Bientôt la photographie remplacera dans les journaux les ineptes gravures qu’on y trouve, et qui semblent là pour amuser les enfants !

Il repousse ces questions qui lui reviennent comme une balle contre un mur.

Pour l’heure, il croise les passants, fend la foule des curieux comme autant de vagues venant se briser contre son étrave.

Il observe dans Paris, chaque jour, les préparatifs d’un monstrueux équarrissage, d’un massacre comme jamais ville n’en a connu depuis les pillages barbares ou les sacs du Moyen-Âge, et il ne veut pas rater ça. Comme un avant-goût du siècle prochain.

Stupidité des bourgeois et de leurs larbins contre les espérances vulgaires d’une populace insane.

C’était il y a si longtemps qu’il ne se rappelle presque plus rien, sorti de cette vie-là comme un serpent de sa mue.

Faut-il donc que le rêve que font ensemble les prolétaires d’Europe soit à ce point puissant qu’il transporte des cœurs vaillants par-delà fleuves et monts, abandonnant ceux qui leur sont chers ? Ce songe est-il assez fou qu’on soit prêt à mourir pour que d’autres le réalisent un jour ?

Sauf que c’était l’hiver, ou lors de ces semaines pendant lesquelles la pluie ne voulait plus cesser, des jours durant, capable de vous ramollir les os puis de vous dissoudre comme une poignée de sel.

La société n’est pas une jungle où le plus fort devrait régner sur le plus faible et se nourrir de lui.
– C’est pourtant ce qui se passe, non ? C’est comme ça que ça marche, il me semble, pas vrai ?
– C’est vrai, mais il n’est nulle part écrit que cela doive durer toujours. C’est bien contre ce monde-là que le peuple s’est révolté et pour bâtir autre chose que la Commune s’organise et se bat, vous ne croyez pas ? La dignité, l’égalité, la liberté sont encore à conquérir.
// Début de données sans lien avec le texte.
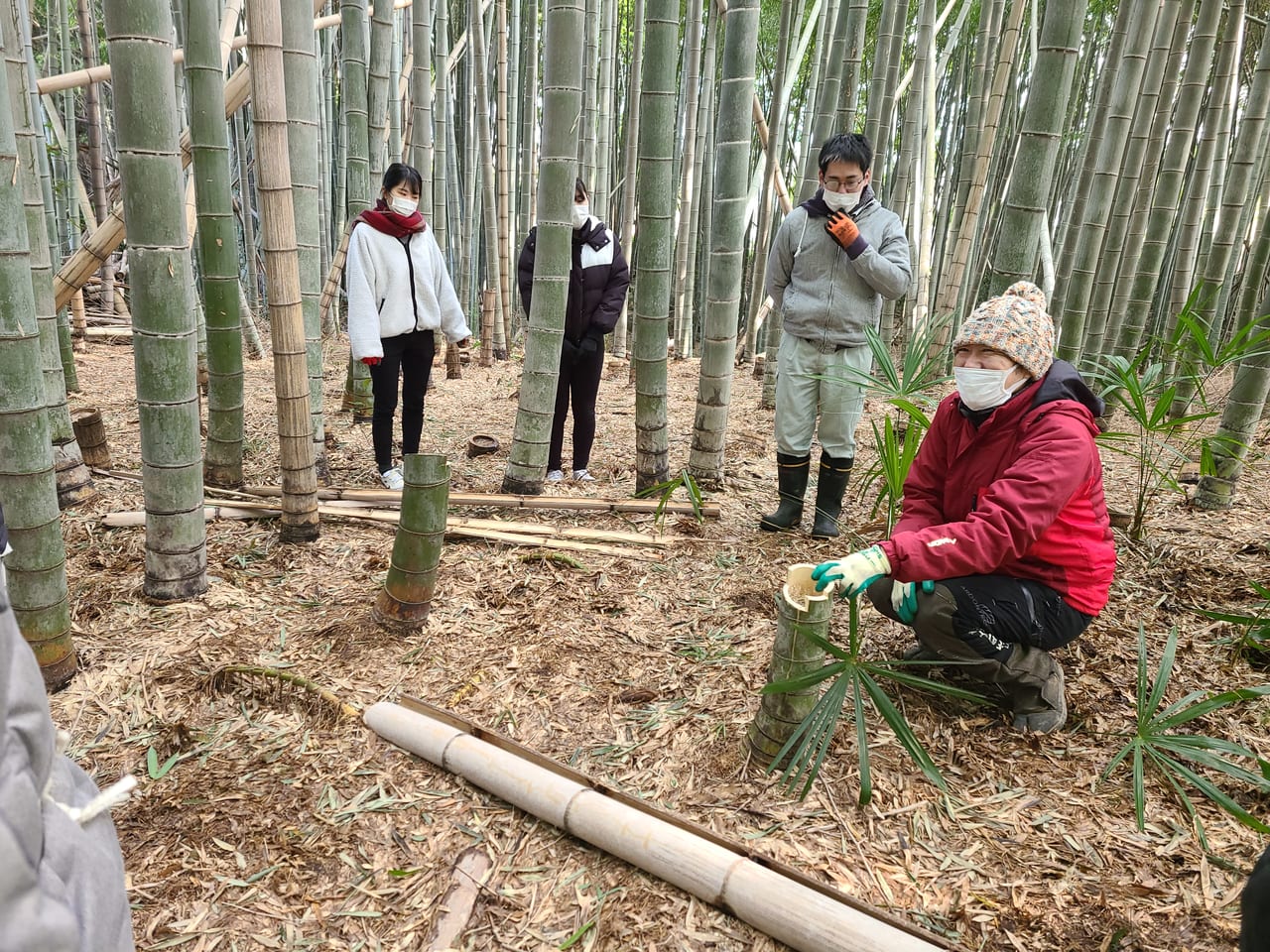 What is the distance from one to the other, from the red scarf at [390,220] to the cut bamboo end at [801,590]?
2.43 metres

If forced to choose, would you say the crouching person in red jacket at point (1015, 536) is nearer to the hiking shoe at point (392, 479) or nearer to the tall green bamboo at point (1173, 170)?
the hiking shoe at point (392, 479)

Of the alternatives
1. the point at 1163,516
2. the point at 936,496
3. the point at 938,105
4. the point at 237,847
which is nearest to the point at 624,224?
the point at 938,105

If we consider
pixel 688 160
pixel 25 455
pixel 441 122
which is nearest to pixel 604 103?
pixel 688 160

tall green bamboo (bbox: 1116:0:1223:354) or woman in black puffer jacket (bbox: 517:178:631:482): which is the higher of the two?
tall green bamboo (bbox: 1116:0:1223:354)

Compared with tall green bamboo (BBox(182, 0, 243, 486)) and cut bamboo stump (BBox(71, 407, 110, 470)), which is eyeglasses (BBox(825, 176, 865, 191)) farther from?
cut bamboo stump (BBox(71, 407, 110, 470))

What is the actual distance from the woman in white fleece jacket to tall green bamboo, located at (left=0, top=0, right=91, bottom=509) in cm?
103

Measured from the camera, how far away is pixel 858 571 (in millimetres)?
1777

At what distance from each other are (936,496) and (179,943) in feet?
6.54

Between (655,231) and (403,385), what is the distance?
1297 mm

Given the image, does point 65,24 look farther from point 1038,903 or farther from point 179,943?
point 1038,903

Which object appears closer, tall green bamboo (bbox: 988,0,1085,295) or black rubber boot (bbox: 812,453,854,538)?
tall green bamboo (bbox: 988,0,1085,295)

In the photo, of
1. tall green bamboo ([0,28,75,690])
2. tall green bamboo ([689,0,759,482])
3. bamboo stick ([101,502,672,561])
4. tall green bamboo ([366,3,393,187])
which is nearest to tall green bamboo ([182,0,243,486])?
bamboo stick ([101,502,672,561])

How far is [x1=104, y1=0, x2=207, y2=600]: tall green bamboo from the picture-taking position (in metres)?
2.08

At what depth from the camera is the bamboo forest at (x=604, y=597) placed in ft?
5.17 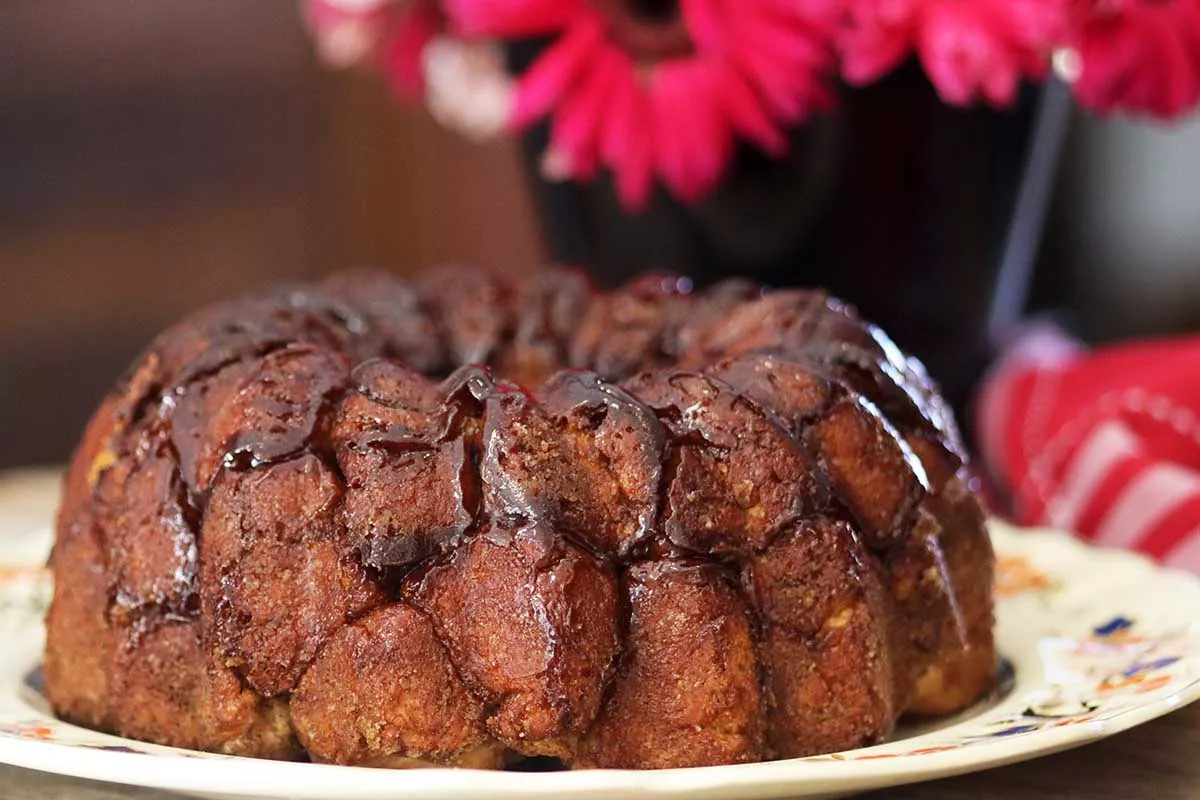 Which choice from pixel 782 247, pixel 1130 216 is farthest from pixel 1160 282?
pixel 782 247

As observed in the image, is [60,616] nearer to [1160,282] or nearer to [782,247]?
[782,247]

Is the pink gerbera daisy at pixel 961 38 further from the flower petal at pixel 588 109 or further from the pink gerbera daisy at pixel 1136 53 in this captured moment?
the flower petal at pixel 588 109

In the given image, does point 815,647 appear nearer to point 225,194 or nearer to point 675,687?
point 675,687

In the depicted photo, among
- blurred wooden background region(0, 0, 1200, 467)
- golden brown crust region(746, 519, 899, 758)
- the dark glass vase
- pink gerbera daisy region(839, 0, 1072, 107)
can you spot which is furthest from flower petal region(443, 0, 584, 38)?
blurred wooden background region(0, 0, 1200, 467)

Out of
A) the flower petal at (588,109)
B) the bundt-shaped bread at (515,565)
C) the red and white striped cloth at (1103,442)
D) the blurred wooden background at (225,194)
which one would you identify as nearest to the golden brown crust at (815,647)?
the bundt-shaped bread at (515,565)

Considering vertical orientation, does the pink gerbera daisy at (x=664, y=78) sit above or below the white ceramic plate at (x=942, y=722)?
above

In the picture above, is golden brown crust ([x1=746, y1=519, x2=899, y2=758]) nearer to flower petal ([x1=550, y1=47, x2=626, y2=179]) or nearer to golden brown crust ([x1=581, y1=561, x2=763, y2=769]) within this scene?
golden brown crust ([x1=581, y1=561, x2=763, y2=769]) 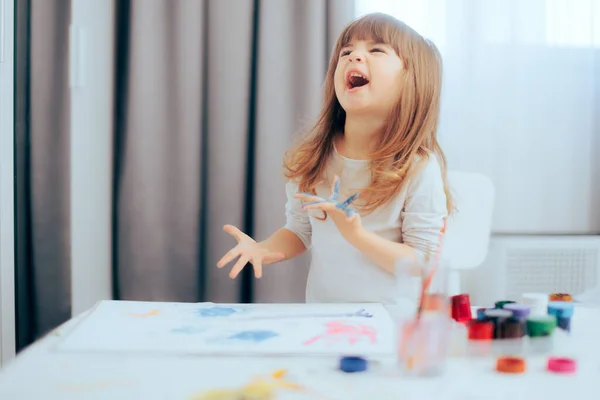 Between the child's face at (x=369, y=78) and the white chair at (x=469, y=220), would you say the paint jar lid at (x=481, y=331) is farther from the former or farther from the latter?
the white chair at (x=469, y=220)

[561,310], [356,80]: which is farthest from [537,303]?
[356,80]

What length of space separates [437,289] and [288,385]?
0.17 metres

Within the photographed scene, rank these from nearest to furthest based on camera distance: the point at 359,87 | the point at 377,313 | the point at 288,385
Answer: the point at 288,385
the point at 377,313
the point at 359,87

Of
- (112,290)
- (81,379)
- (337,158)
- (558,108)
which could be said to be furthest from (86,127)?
(558,108)

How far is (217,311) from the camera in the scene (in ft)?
2.35

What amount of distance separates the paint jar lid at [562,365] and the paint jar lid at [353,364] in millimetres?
163

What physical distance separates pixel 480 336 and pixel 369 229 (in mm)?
402

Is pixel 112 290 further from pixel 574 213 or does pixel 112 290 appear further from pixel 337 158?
pixel 574 213

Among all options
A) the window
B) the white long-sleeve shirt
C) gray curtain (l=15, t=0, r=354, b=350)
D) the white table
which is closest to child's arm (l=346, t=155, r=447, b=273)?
the white long-sleeve shirt

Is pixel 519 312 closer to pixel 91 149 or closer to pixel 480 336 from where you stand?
pixel 480 336

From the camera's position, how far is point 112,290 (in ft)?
5.26

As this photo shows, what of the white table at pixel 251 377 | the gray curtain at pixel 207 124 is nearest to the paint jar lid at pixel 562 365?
the white table at pixel 251 377

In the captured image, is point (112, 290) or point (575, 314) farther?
point (112, 290)

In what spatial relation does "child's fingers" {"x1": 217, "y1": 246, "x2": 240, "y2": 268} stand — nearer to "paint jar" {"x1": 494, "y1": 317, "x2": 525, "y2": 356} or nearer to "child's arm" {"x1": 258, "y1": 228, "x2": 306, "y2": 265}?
"child's arm" {"x1": 258, "y1": 228, "x2": 306, "y2": 265} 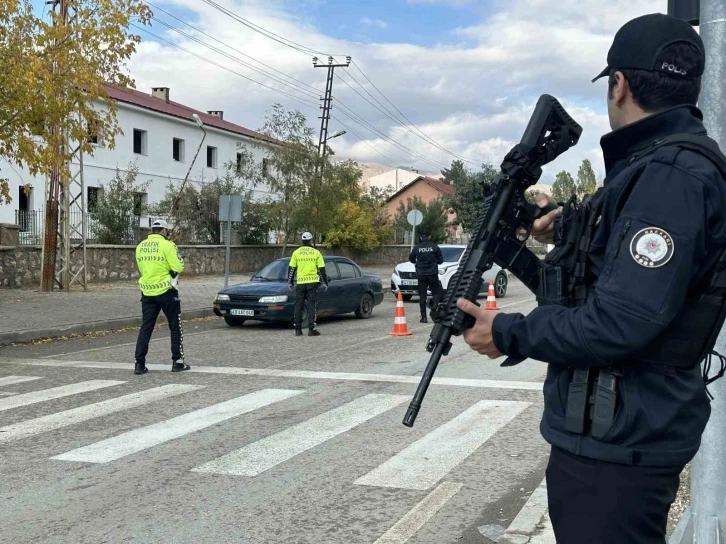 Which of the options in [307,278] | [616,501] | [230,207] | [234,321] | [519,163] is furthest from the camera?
[230,207]

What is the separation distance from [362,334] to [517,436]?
7.99 metres

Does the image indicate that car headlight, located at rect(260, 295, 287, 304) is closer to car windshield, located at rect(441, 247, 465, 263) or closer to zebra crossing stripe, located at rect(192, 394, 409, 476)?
zebra crossing stripe, located at rect(192, 394, 409, 476)

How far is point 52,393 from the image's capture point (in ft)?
28.9

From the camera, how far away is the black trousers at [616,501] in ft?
6.91

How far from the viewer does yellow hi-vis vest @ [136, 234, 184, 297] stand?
10500mm

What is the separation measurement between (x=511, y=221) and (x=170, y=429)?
5233mm

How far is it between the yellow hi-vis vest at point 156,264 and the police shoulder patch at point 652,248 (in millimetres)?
9053

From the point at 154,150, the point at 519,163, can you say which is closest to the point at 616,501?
the point at 519,163

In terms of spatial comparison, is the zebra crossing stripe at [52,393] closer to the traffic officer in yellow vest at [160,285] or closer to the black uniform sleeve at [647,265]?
the traffic officer in yellow vest at [160,285]

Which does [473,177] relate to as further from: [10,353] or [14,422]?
[14,422]

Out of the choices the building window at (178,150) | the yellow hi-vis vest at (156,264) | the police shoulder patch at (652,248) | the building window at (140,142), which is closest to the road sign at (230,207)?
the yellow hi-vis vest at (156,264)

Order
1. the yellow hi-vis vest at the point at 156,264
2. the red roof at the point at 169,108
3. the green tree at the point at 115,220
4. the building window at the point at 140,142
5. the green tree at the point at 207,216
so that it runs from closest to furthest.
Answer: the yellow hi-vis vest at the point at 156,264
the green tree at the point at 115,220
the green tree at the point at 207,216
the red roof at the point at 169,108
the building window at the point at 140,142

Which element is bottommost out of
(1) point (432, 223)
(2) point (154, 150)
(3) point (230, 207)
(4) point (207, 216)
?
(3) point (230, 207)

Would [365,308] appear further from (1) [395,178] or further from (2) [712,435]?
(1) [395,178] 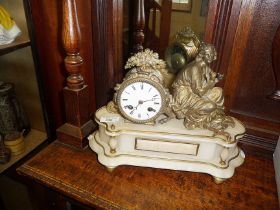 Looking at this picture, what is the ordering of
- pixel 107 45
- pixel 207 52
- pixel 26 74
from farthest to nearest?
pixel 26 74, pixel 107 45, pixel 207 52

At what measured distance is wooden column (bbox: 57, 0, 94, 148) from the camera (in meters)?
0.82

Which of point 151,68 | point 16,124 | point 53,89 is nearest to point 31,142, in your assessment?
point 16,124

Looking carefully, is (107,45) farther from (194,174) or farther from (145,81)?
(194,174)

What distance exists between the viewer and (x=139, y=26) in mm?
962

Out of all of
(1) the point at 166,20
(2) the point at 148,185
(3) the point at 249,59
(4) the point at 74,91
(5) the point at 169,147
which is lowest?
(2) the point at 148,185

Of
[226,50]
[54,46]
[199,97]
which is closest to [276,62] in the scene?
[226,50]

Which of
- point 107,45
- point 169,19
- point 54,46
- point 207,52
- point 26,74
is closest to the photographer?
point 207,52

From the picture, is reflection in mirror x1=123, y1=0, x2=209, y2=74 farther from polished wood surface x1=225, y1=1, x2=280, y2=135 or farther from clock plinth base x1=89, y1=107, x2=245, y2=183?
clock plinth base x1=89, y1=107, x2=245, y2=183

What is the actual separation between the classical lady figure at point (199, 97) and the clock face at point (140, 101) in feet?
0.23

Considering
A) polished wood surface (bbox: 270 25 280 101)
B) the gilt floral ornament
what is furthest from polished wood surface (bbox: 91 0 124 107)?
polished wood surface (bbox: 270 25 280 101)

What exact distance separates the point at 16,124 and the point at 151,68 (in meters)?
0.82

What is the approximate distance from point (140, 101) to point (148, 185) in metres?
0.27

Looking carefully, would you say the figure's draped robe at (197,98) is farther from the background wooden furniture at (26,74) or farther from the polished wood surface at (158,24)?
the background wooden furniture at (26,74)

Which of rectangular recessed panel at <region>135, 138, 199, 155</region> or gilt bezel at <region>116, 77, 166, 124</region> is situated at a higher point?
gilt bezel at <region>116, 77, 166, 124</region> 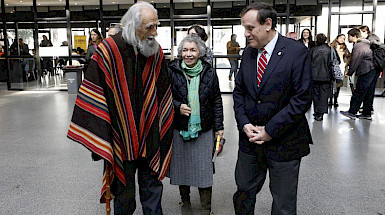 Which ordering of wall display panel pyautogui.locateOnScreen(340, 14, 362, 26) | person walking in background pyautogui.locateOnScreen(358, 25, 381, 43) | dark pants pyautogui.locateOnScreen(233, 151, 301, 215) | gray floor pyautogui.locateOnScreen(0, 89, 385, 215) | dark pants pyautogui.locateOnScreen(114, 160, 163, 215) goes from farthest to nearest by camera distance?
wall display panel pyautogui.locateOnScreen(340, 14, 362, 26) → person walking in background pyautogui.locateOnScreen(358, 25, 381, 43) → gray floor pyautogui.locateOnScreen(0, 89, 385, 215) → dark pants pyautogui.locateOnScreen(114, 160, 163, 215) → dark pants pyautogui.locateOnScreen(233, 151, 301, 215)

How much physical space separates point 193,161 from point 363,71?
5362mm

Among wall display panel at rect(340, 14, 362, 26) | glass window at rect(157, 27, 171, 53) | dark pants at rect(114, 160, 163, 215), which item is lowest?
dark pants at rect(114, 160, 163, 215)

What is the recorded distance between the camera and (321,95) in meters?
7.06

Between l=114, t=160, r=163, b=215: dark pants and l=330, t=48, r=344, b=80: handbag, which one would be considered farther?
l=330, t=48, r=344, b=80: handbag

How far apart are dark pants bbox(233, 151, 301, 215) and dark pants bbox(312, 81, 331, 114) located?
5.00 m

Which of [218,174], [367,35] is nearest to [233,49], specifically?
[367,35]

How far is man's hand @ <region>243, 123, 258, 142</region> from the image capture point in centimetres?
234

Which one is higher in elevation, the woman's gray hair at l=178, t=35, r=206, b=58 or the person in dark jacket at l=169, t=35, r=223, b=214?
the woman's gray hair at l=178, t=35, r=206, b=58

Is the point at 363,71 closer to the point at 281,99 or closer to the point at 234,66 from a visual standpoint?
the point at 234,66

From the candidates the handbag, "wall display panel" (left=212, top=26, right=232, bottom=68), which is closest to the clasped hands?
the handbag

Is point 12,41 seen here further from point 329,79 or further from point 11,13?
point 329,79

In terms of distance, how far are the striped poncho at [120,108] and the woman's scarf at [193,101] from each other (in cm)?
35

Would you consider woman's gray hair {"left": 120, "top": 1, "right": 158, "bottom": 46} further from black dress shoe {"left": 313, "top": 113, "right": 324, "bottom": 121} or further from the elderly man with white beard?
black dress shoe {"left": 313, "top": 113, "right": 324, "bottom": 121}

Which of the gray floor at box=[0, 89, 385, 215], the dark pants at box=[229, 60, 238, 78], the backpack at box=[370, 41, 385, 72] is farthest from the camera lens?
the dark pants at box=[229, 60, 238, 78] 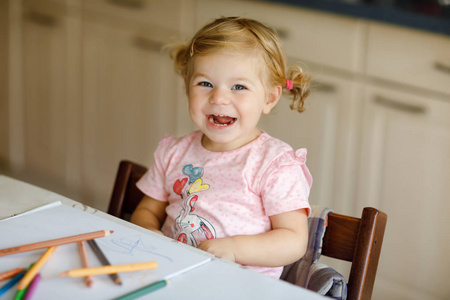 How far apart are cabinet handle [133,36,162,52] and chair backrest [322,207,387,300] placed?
137cm

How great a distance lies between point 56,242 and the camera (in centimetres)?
78

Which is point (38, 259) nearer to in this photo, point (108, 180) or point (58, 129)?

une illusion pouvant se dissiper à tout moment comme crèvent les bulles de savon ou les rêves d’enfants.

Après ces semaines de folle espérance, de rêves rendus possibles, enfin ? J’aimerais croire qu’il nous reste encore cela : cette part d’humanité que la guerre qu’on nous fait ne saura détruire. Je ne sais pas comment on parlera de nous plus tard, mais qu’au moins on n’aille pas nous faire le reproche d’avoir tué les nôtres.

Il trouve que le temps s’écoule étrangement. Goutte à goutte ou par débordement.

Elle a cru s’être retirée assez loin dans un recoin inexpugnable de son esprit mais elle sent céder toutes les défenses sous les coups redoublés de la peur. Elle ne sait pas au-dessus de quel gouffre elle est suspendue.

Ils franchissent en troupeau cavaleur la porte d’Auteuil, survolés par les obus, poursuivis par des éclats qui fusent de toutes parts, puis se hâtent au milieu des rues désertes, jonchées de gravats, barrées par des effondrements.

Sont tous partis de peur d’être égorgés par le populo, et c’est leur armée qui bousille leurs beaux appartements et leurs hôtels particuliers.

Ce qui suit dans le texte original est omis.